> **EXCERPTED RECORDS**:
((

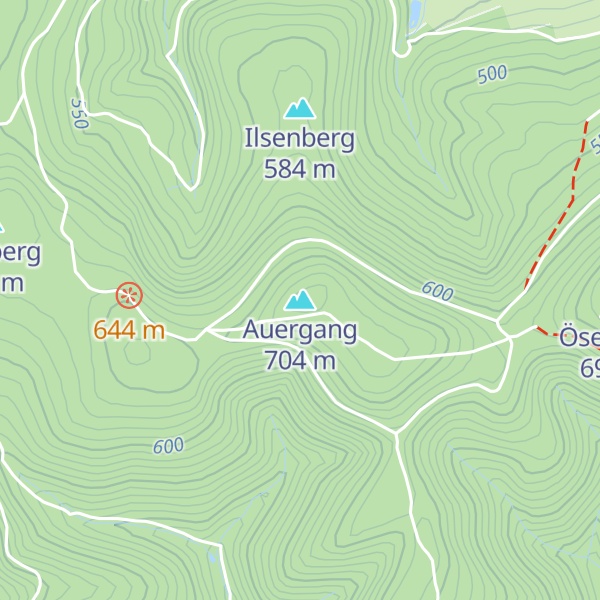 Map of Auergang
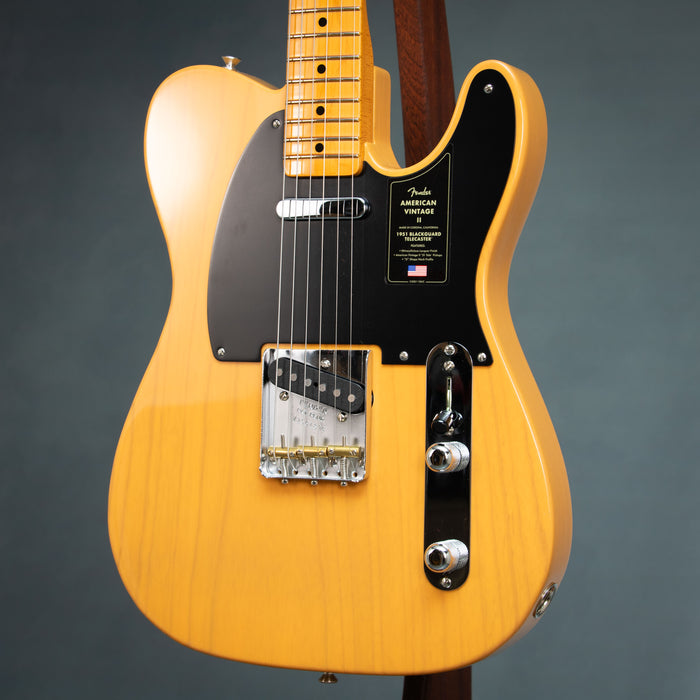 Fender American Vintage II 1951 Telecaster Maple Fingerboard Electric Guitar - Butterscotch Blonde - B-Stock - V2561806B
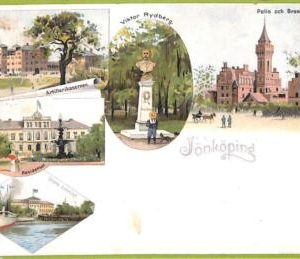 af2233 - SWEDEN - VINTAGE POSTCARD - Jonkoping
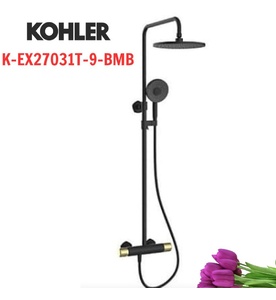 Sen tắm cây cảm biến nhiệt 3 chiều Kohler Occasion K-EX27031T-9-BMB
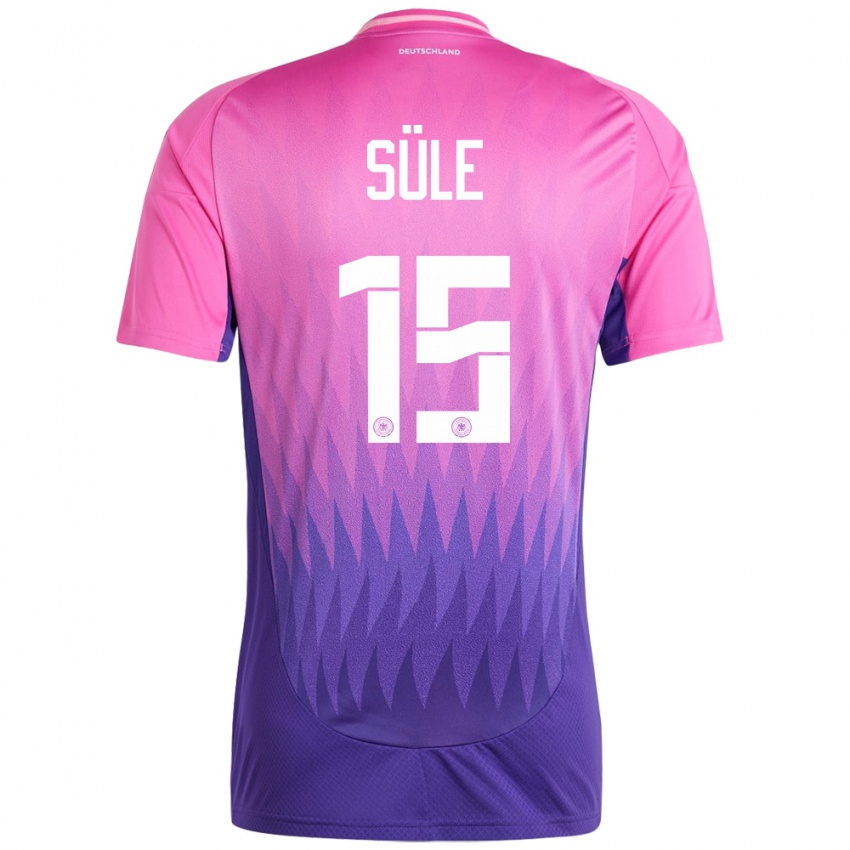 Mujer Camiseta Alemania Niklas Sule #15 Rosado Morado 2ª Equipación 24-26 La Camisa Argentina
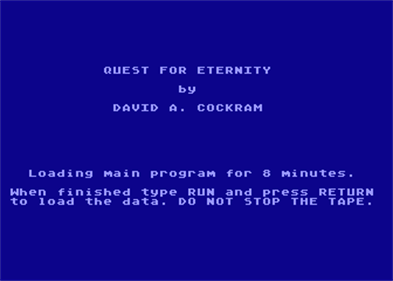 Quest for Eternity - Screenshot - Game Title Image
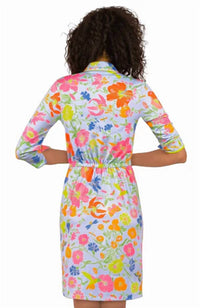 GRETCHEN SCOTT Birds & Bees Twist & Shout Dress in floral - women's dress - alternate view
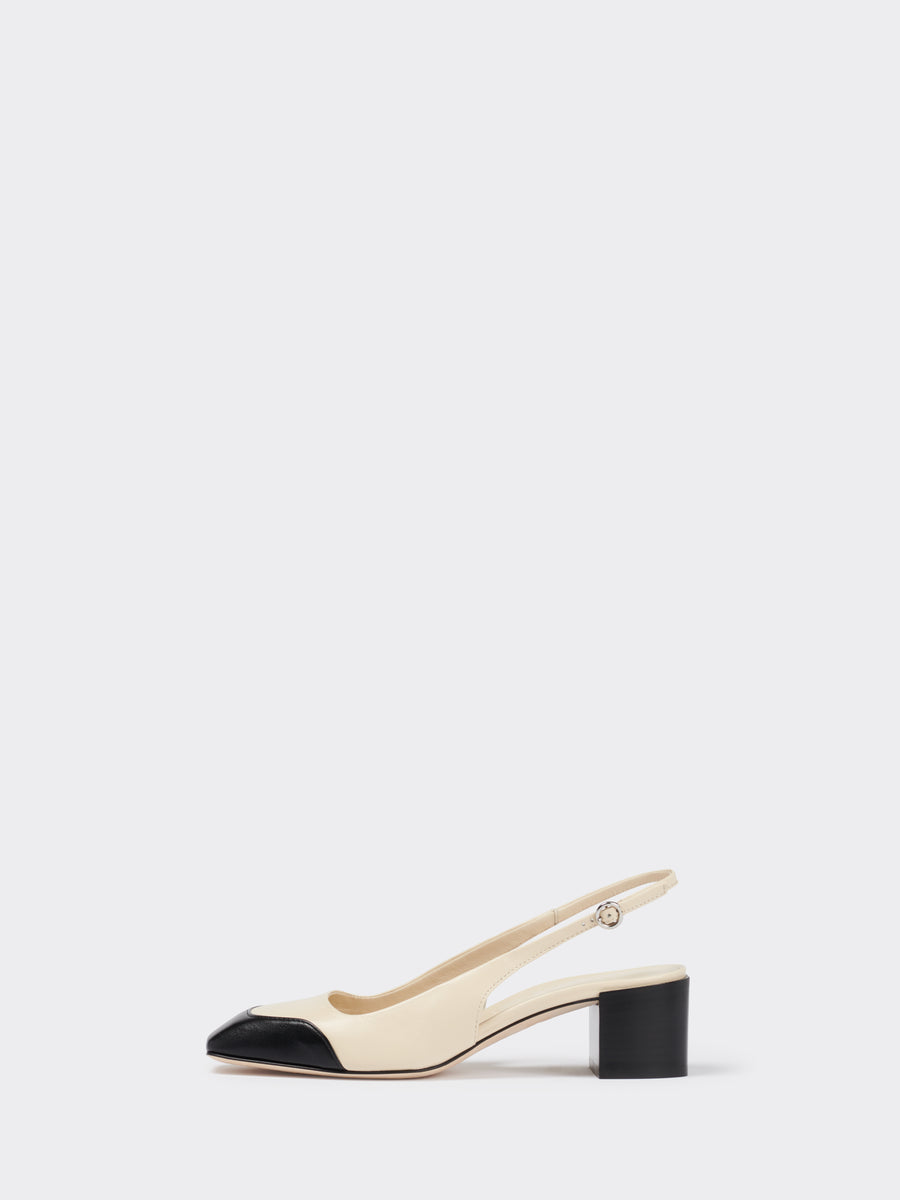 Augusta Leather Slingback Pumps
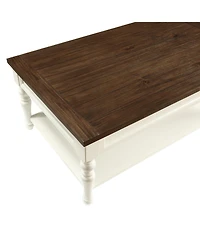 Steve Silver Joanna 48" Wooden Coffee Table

))
((

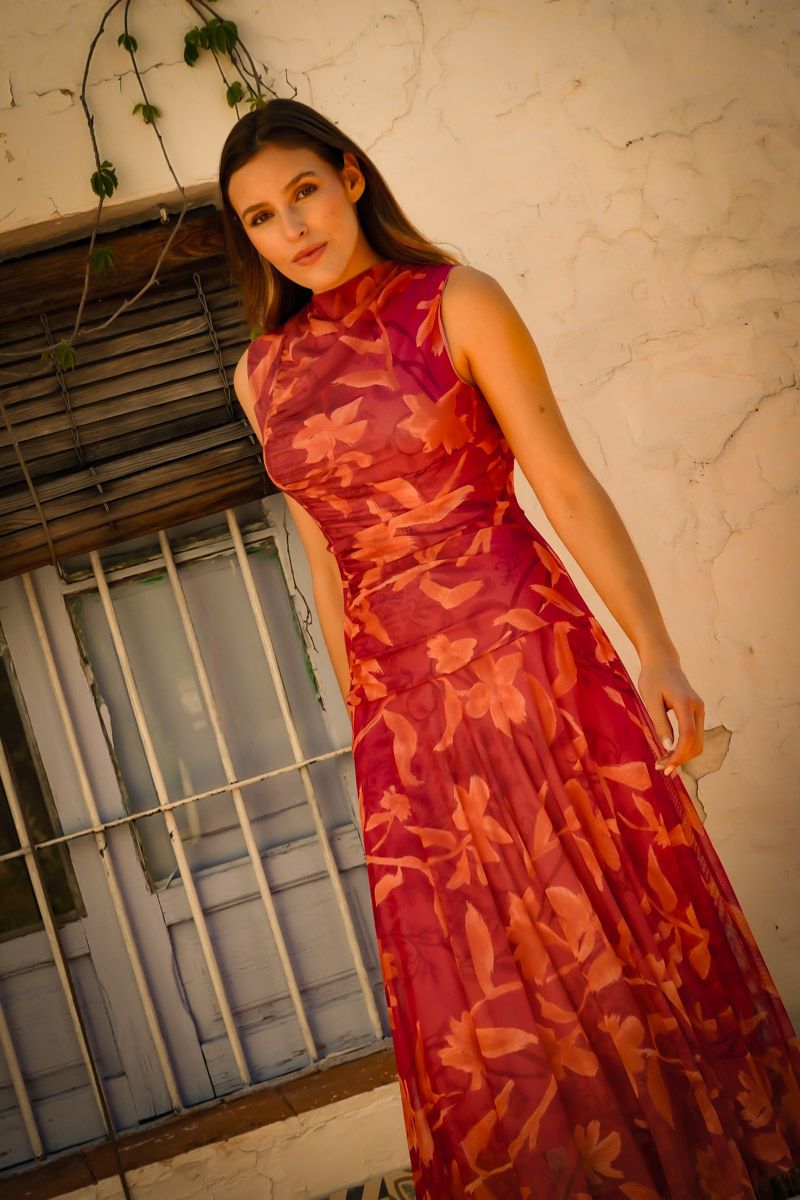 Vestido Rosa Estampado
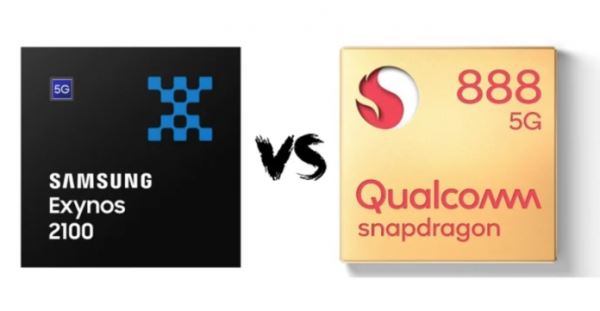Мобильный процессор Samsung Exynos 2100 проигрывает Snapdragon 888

))

> **EXERCISE AIM**: Set the pictures aside and reproduce exactly the lines above, from the line holding "GRETCHEN SCOTT Birds" through the line holding "Steve Silver Joanna", both included, with nothing else.

> **SOLUTION TO THIS PROBLEM**:
 GRETCHEN SCOTT Birds & Bees Twist & Shout Dress in floral - women's dress - alternate view
 Augusta Leather Slingback Pumps
 Steve Silver Joanna 48" Wooden Coffee Table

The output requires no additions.